[Lustre-discuss] Large scale obdfilter-survey issues

Tue Oct 14 13:12:21 PDT 2008

On Fri, 2008-10-03 at 15:45 -0400, David Dillow wrote:
> Has anyone run obdfilter-survey with large object/thread counts and can
> share their experiences? I having some odd issues and am trying to
> determine if it is a setup issue on my side, or something I should file
> a bug on with Sun.

I filed bug 17382 for this, as well as a quick and dirty patch that
fixes the issue.

Currently 'lctl test_brw' exits as soon as any one of the threads exits.
When you are only running 16GB through 512 threads with 1 MB request
sizes, each thread will only do 32 requests, and so it is possible that
one thread gets slightly preferential treatment and finish well before
the rest of the pack.

Options include increasing the amount of data written by each thread,
which mitigates the issue but does not solve it. It also slows down the
test, as testing seems to indicate a need for at least 256
requests/thread for more realistic numbers in my environment, or 131 GB
per OST. More would be even better, but 256 means a potential runtime of
over 30 minutes per variable change, making large surveys painful.

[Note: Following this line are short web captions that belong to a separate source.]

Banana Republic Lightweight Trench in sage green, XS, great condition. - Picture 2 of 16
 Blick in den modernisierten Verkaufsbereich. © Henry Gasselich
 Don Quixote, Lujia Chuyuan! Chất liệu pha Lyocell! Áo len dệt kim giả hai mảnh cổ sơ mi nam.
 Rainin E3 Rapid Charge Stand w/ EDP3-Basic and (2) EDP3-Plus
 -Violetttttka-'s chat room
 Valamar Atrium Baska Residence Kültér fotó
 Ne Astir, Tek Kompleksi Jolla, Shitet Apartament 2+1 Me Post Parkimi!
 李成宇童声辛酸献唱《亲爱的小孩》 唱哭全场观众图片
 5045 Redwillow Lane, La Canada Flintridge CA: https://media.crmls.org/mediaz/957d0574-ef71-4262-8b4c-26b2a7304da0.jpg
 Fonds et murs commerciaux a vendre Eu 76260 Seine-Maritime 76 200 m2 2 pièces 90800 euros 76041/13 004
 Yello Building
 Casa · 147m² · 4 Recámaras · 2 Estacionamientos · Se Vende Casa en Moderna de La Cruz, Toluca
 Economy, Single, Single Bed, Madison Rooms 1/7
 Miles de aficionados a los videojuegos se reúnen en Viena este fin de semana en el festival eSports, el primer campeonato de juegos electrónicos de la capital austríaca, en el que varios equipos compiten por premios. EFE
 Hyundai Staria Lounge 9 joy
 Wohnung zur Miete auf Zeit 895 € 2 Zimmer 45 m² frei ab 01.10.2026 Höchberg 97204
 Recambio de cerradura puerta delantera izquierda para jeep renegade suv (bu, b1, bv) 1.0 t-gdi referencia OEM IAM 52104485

My fix just waits for all threads to exit rather than stopping the test
early when the first thread completes. It is still a good idea to raise
the number of requests per thread to keep the workload up, but at these
scales the throughput drops to almost pure random behavior against the
noop scheduler, so we can limit the increase in test duration.
-- 
Dave Dillow
National Center for Computational Science
Oak Ridge National Laboratory
(865) 241-6602 office